The figure below shows three objects Two are shaped as hills

The figure below shows three objects. Two are shaped as hills, and although one has a height, h_1, (labeled as block A) and the other a height, h_2, (labeled as block B) they both have mass, M. The third is a small block with mass, m, initially placed on top of block A, and m = 1/5 M. Initially, block A is at rest, and block B has a velocity V_0 to the right. Then the small block slides off block A, moves toward the left, collides with block B, and slides up the side of block B. If the small block comes to a rest at the top of block B and all three blocks are moving with the same velocity, V, after the collision, what is K_0/mg Delta h, where K_0 is the initial energy of Block B, and Delta h is the difference of the heights of block A and B? Be sure to express your answer as a number; it should have no variables in it. You may assume that all surfaces are frictionless so that energy is conserved, and that the small block remains in contact with block A as the small block slides down it.

Solution

Initial total energy = 1/2*M*Vo^2 + (M/5)*g*h1

Initial momentum = M*Vo

Final total energy = 1/2*(M + M/5)*V^2 + 1/2*M*V^2 + (M/5)*g*h2

= 11/10*M*V^2 + (M/5)*g*h2

Final momentum = (M + M/5)*V + M*V = 11/5 *MV

Equating both momentums:

M*Vo = 11/5 * MV

or Vo = 11/5 *V

Equating both energies:

1/2*M*Vo^2 + (M/5)*g*h1 = 11/10*M*V^2 + (M/5)*g*h2

1/2*M*Vo^2 = 11/10*M*V^2 + (M/5)*g*(h2 - h1)................eqn1

1/2*M*(11/5)^2 V^2 = 1.1*M*V^2 + (M/5)*g*(h2 - h1)
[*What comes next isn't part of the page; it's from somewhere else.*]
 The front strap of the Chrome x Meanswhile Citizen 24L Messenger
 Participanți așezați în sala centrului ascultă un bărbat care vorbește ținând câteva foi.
1/2*(11/5)^2 V^2 = 1.1*V^2 + (1/5)*g*(h2 - h1)

1/2*(11/5)^2 V^2 = 1.1*V^2 + (1/5)*g*(h2 - h1)

6.6*V^2 = g*(h2 - h1)

V^2 / (g delta h) = 1/6.6............eqn2

Rewriting eqn1 as

Ko = 11/10*M*V^2 + (m*g*delta h)

Dividing both sides by m*g*delta h

Ko / (mg delta h) = (1.1*M*V^2) / (m*g*delta h) + 1

= (1.1*5*V^2) / (g*delta h) + 1

= 5.5/6.6 + 1......(from eqn2)

= 11/6 = 1.833333